_Assignment_. Would you give the listing again exactly as written, minus its pictures?
[Opening Data extract section]
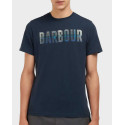 BARBOUR THURSO MEN'S T-SHIRT WITH EMBROIDERED PRINT - MTS0960 - BLUE
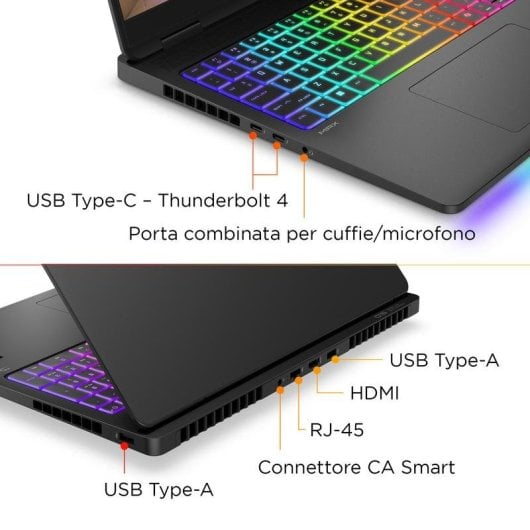 Portatile HP OMEN MAX 16-ak0005nl 16" AMD Ryzen AI 9 375 32GB 1TB SSD RTX 5080 FreeDOS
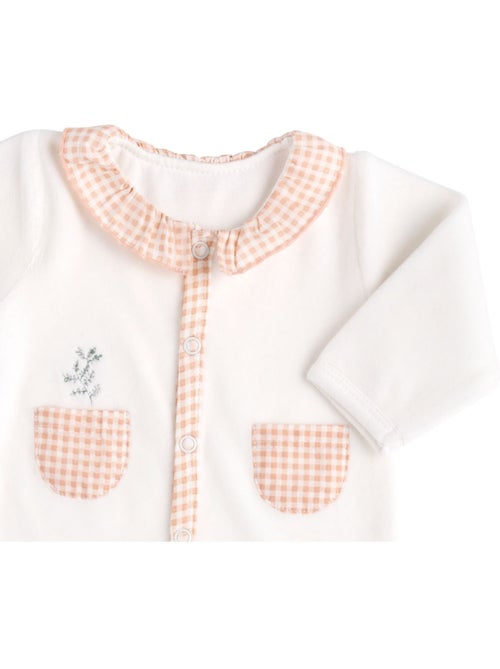 Pyjama bébé à manches longues en velours - SAUTHON - Kiabi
[Closing Data extract section]
_Response for this exercise_.
 BARBOUR THURSO MEN'S T-SHIRT WITH EMBROIDERED PRINT - MTS0960 - BLUE
 Portatile HP OMEN MAX 16-ak0005nl 16" AMD Ryzen AI 9 375 32GB 1TB SSD RTX 5080 FreeDOS
 Pyjama bébé à manches longues en velours - SAUTHON - Kiabi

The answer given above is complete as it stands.